Tether’s treasury minted over $6 billion USDT in July alone, primarily channeling the new tokens into centralized exchanges and DeFi platforms to meet surging liquidity demands.
Meanwhile, Sergey Nazarov, co-founder of blockchain oracle Chainlink, said that the GENIUS Act could prompt more tech and financial institutions to launch their own stablecoins, potentially growing the market tenfold, from $200 billion to about $2 trillion.
On Wall Street, JPMorgan has also forecasted that the stablecoin market could swell to $2 trillion, propelled by tokenized payments, cross-border settlements, and programmable finance use cases.
As supplies climb, smaller issuers face a tough decision. The GENIUS Act requires those with more than $10 billion in assets to either obtain a federal charter — a costly and lengthy process — or halt growth.
Charting the Course Ahead
With the regulatory scaffold now in place, attention turns to the GENIUS Act’s broader economic ripple effects. Proponents argue that by undergirding stablecoins with Treasury bills, the legislation will support demand for short-term government debt, indirectly subsidizing U.S. borrowing costs.
Detractors, however, fear it could amplify systemic risk if issuers undertake maturity transformation — a process of borrowing from the short-term debt market and issuing long-term loans on the funds — or excessive rehypothecation, activities scrutinized heavily after the 2022 Terra collapse.
Meanwhile, international developments are accelerating in lockstep. The European Union’s MiCA regime and Hong Kong’s new stablecoin guidelines have developed in parallel to the U.S. model, prompting global issuers to reassess compliance frameworks on a multi-jurisdictional basis.
Amram Adar, co-founder and CEO of Oobit, a Tether-backed stablecoin payments platform, told The Defiant that the Act is a milestone that sends a clear message: “digital dollars aren’t going away, and now there’s a framework to regulate them responsibly.” Still, he emphasized that regulation alone isn’t enough.
“But it says nothing about spending. That’s the gap. While Washington focuses on the supply side: who can issue how reserves are managed, the demand side is wide open. Who’s building for the actual users? Who’s making it possible to tap your phone and pay with a stablecoin like it’s any other currency?” Adar noted.

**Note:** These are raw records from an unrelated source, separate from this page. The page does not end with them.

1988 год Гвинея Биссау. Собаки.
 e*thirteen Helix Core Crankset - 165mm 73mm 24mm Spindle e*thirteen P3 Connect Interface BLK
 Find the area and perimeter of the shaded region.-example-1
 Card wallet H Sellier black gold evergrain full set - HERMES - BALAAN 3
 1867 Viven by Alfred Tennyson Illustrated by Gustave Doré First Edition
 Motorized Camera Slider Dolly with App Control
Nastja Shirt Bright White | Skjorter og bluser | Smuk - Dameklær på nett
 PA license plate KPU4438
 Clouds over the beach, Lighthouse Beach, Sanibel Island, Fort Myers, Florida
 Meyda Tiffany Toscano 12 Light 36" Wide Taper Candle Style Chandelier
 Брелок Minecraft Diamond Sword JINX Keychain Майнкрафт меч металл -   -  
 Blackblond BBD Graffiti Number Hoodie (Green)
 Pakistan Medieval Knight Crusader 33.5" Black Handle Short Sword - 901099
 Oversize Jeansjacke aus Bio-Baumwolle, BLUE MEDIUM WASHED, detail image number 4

The Oobit CEO noted that regulation can “pave the road, but it’s up to innovators to build the vehicles.”
Similarly, Gitay Shafran, founder of The Fedz, an issuer of fractional reserve stablecoin FUSD, sees the GENIUS Act as “a positive milestone” and a signal that the U.S. is taking digital dollars seriously. But Shafran warned against complacency, saying the Act is just the beginning of what’s needed to build resilient and decentralized financial systems.
“We read about new stablecoin by traditional financial institutions every day but we also need decentralized stablecoins and synthetic dollars that aren’t tied to a single company,” Shafran told The Defiant.
Meanwhile, just this week, Wyoming became the first U.S. state to issue its own stablecoin. The USD and Treasury bill-backed Frontier Stable Token (FRNT) is being hailed by some as a milestone for the industry, but others have expressed concern about privacy and centralization.